▶ [Problem statement]:
Quote the listing below in its entirety, omitting every image.

▶ [Data segment]:

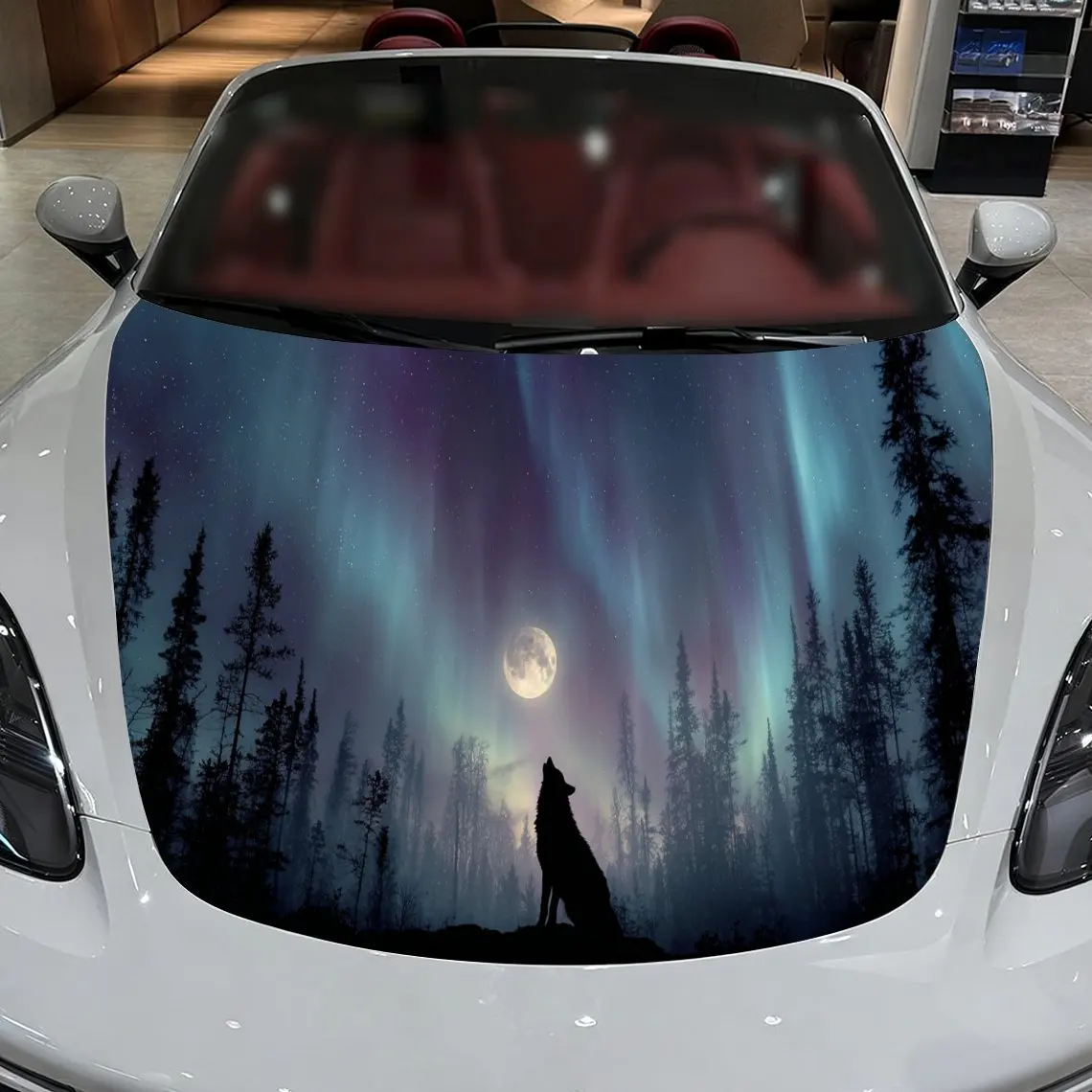 Autocollants de voiture un loup sous l'aurore boréale fascinante dans le paysage arctique avec des arbres silhouettés et l'autocollant de capot de voiture à lueur lunaire,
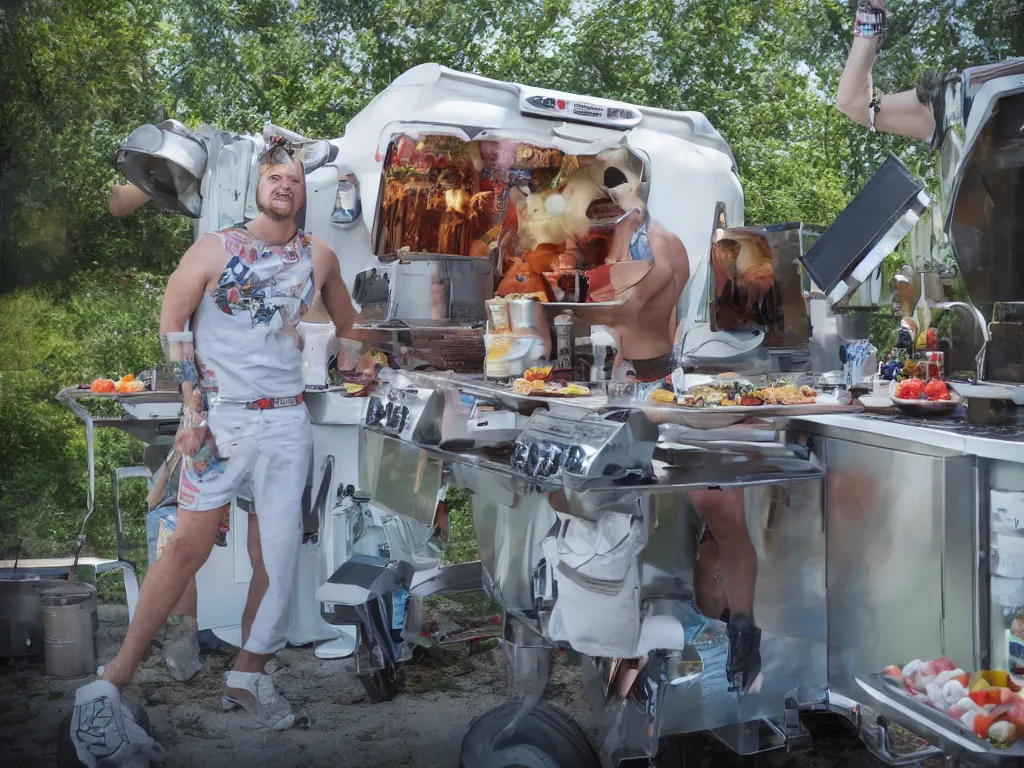 Image similar to redneck astronaut summer grillparty in trailer park, detailed, cinematic photo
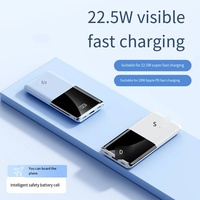 Chargeur portable avec écran LED, charge rapide 22,5 W, batterie externe avec câble intégré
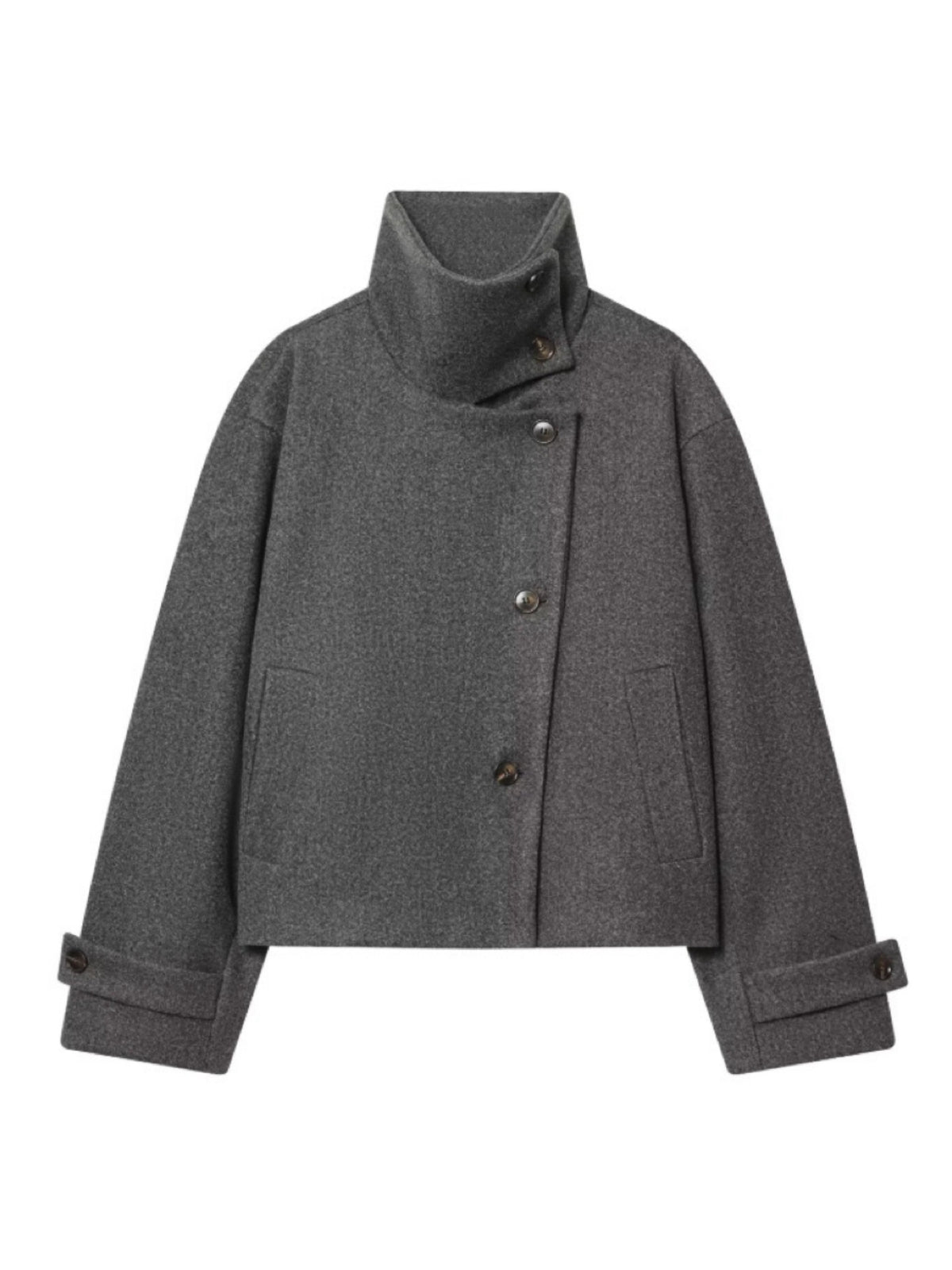 Funnel neck short jacket in 7 colours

▶ [Task result]:
 Autocollants de voiture un loup sous l'aurore boréale fascinante dans le paysage arctique avec des arbres silhouettés et l'autocollant de capot de voiture à lueur lunaire,
 Image similar to redneck astronaut summer grillparty in trailer park, detailed, cinematic photo
 Chargeur portable avec écran LED, charge rapide 22,5 W, batterie externe avec câble intégré
 Funnel neck short jacket in 7 colours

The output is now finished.